[Items from a data source]
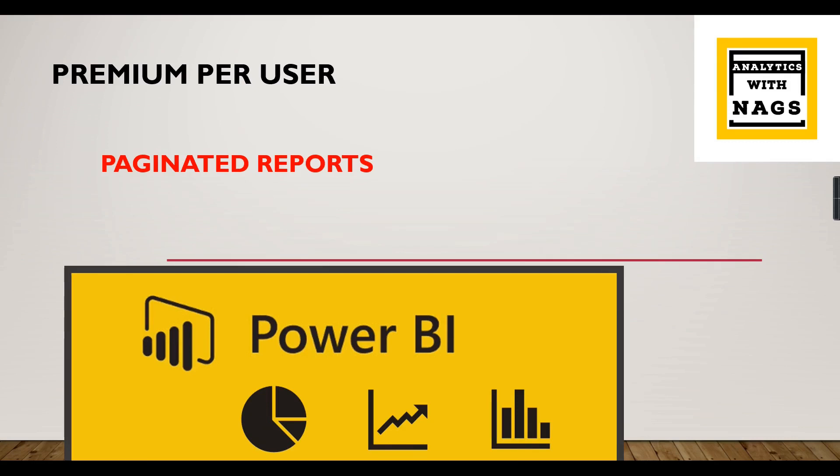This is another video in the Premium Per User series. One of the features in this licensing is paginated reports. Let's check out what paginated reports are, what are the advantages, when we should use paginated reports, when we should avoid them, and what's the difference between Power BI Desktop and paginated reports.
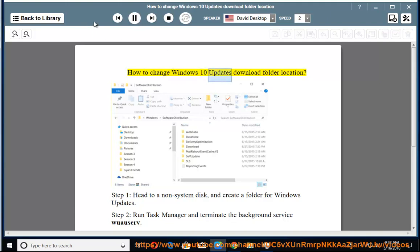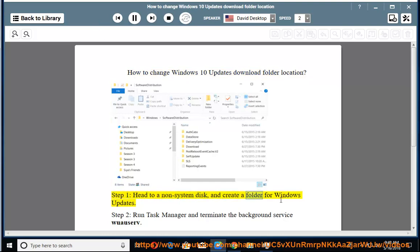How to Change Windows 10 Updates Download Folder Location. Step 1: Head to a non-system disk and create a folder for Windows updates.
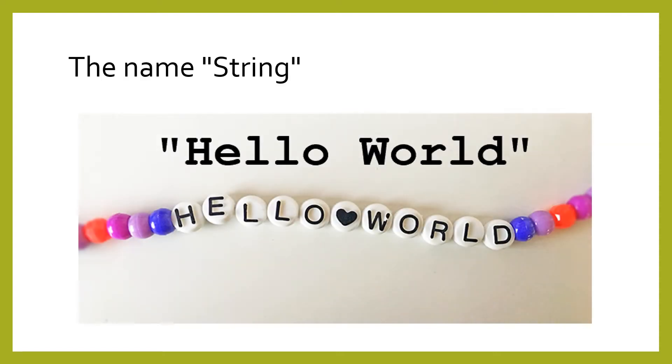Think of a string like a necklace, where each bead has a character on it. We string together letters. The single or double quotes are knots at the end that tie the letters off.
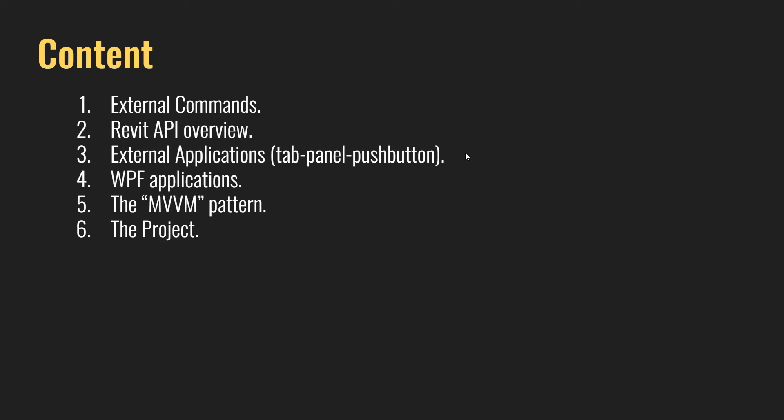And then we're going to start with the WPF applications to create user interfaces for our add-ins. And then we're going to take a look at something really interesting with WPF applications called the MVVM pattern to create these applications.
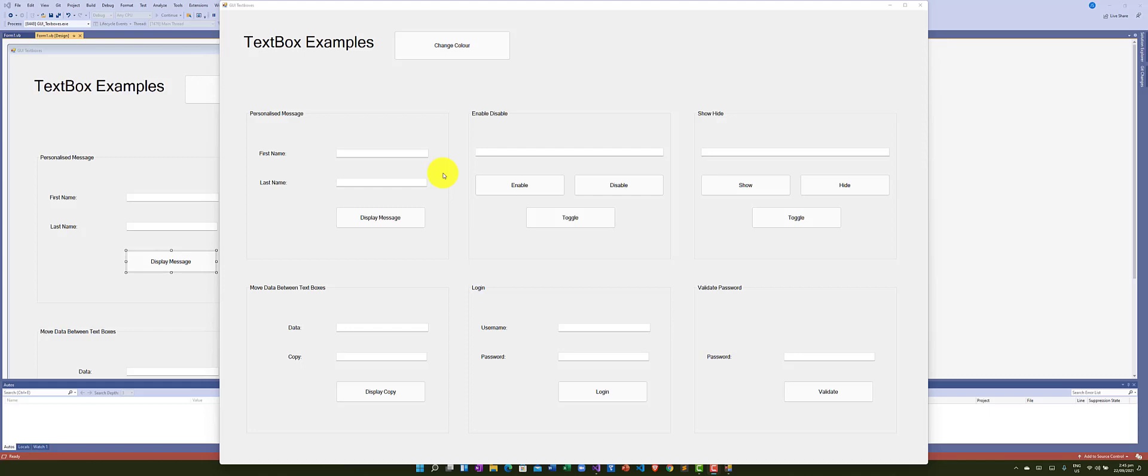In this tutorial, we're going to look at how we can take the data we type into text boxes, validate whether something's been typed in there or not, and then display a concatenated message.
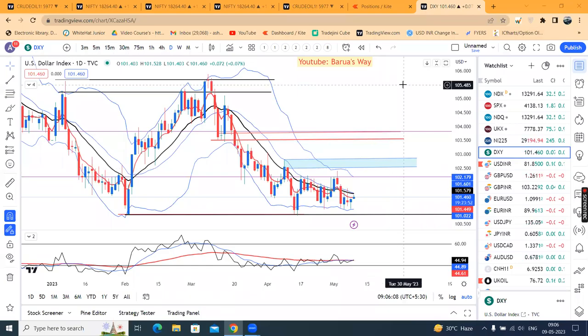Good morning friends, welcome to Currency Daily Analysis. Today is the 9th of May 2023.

**What is expected**
The records above should be repeated exactly, with no pictures in the copy.

**Answer for the task**
This is another video in the Premium Per User series. One of the features in this licensing is paginated reports. Let's check out what paginated reports are, what are the advantages, when we should use paginated reports, when we should avoid them, and what's the difference between Power BI Desktop and paginated reports.
How to Change Windows 10 Updates Download Folder Location. Step 1: Head to a non-system disk and create a folder for Windows updates.
Think of a string like a necklace, where each bead has a character on it. We string together letters. The single or double quotes are knots at the end that tie the letters off.
And then we're going to start with the WPF applications to create user interfaces for our add-ins. And then we're going to take a look at something really interesting with WPF applications called the MVVM pattern to create these applications.
In this tutorial, we're going to look at how we can take the data we type into text boxes, validate whether something's been typed in there or not, and then display a concatenated message.
Good morning friends, welcome to Currency Daily Analysis. Today is the 9th of May 2023.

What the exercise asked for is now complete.